After having looked at the cell biology mechanisms by which the GNP-TKI bioconjugate affects the proliferation of AML cells, we investigated the status of the FLT3 gene and protein, over which the newly described drug acts. Thus, we conducted a quantitative real-time polymerase chain reaction (RT-PCR) for FLT3-IDT. The RT-PCR data for our experiments proved that, in the case of cells treated with TKI, in comparison with the ones without any therapy, the expression levels of the gene responsible for the synthesis of the FLT3 protein are downregulated, as seen in Figure 6A (for OCI-AML 3 cells) and Figure 6B (for THP1 cells). The expression level is further decreased when comparing the cells treated with GNP-TKI versus the ones with classic TKI, the difference being statistically significant (P<0.01) when analyzed using Tukey’s multiple comparison test.
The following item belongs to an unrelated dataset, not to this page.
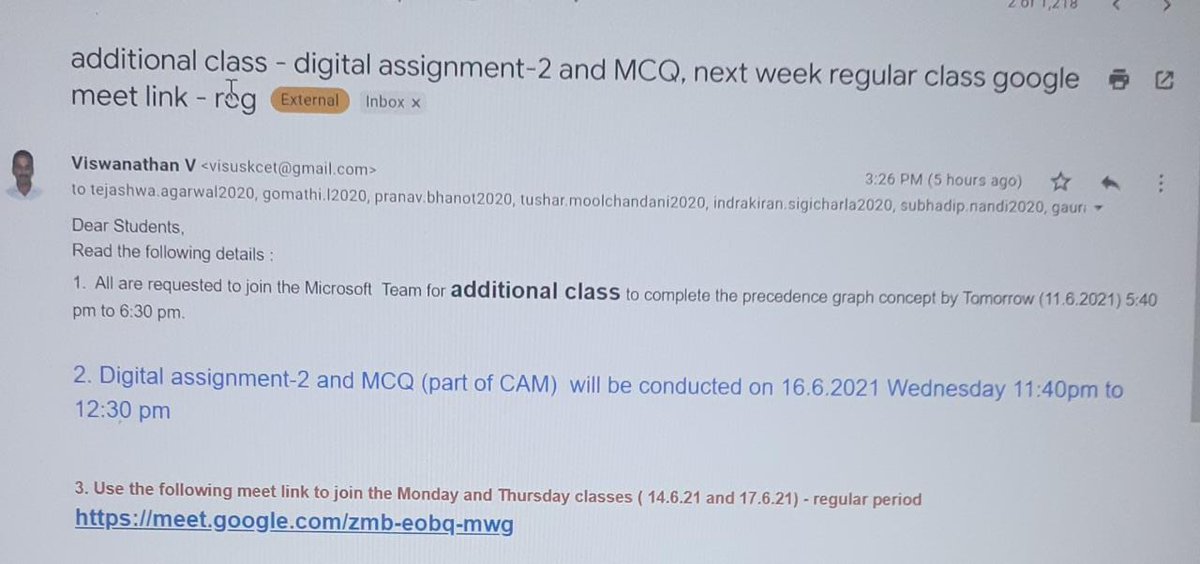 jaitushar's tweet photo. At one side the students are suffering from condition in which we are unable to speak but this college wanted to write the exam.And also secondly teacher are doing whatever they wanted to do DA's and quiz on the same day.#enoughVITChennai #enoughVIT
@NSUIKarnataka @NSUITamilNadu https://t.co/Yv9iHVn1kW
Figure 6 (A) RT-PCR analysis for the FLT3-IDT gene in OCI-AML3 cells; (B) in THP1 cells.
Once we showed that the GNP-TKI downregulated the expression of FLT3 IDT, the gene responsible for the cellular synthesis of the protein with the same name, we wanted to look at the protein expression. Proteomic assays included Western blotting for FLT3 protein. For the Western blotting, along with the already used TKIs (lestaurtinib, sorafenib, and quizartinib), we also investigated the potential of another TKI: midostaurin. We used midostaurin as a negative control as this drug has been shown to have a limited anti-FLT3 activity. When this receptor binds to FLT3L, a ternary complex is formed in which two FLT3 molecules are bridged by one FLT3L. Signaling through FLT3 plays a role in cell survival, proliferation, and differentiation of myeloid cells. Figure 7A and B shows the protein expression levels for FLT3 for the OCI-AML 3 cells (Figure 7A) and for THP1 cells (Figure 7B) when treated with the newly synthesized nanoconjugate. Figure 7C and D shows the effects of the classic TKI on the two cell lines, for the OCI-AML 3 cells (Figure 7C) and for THP1 cells (Figure 7D). We have added the quantifications for the blotting (using J-image software) as Figure 7E (OCI-AML3 cells treated with GNP-TKI), Figure 7F (THP1 cells treated with GNP-TKI), Figure 7G (OCI-AML3 cells treated with TKI), and Figure 7H (THP1 cells treated with TKI). We can clearly see that GNP-TKI degrades the target protein FLT3. In the lower figures, we show the controls for β-actin.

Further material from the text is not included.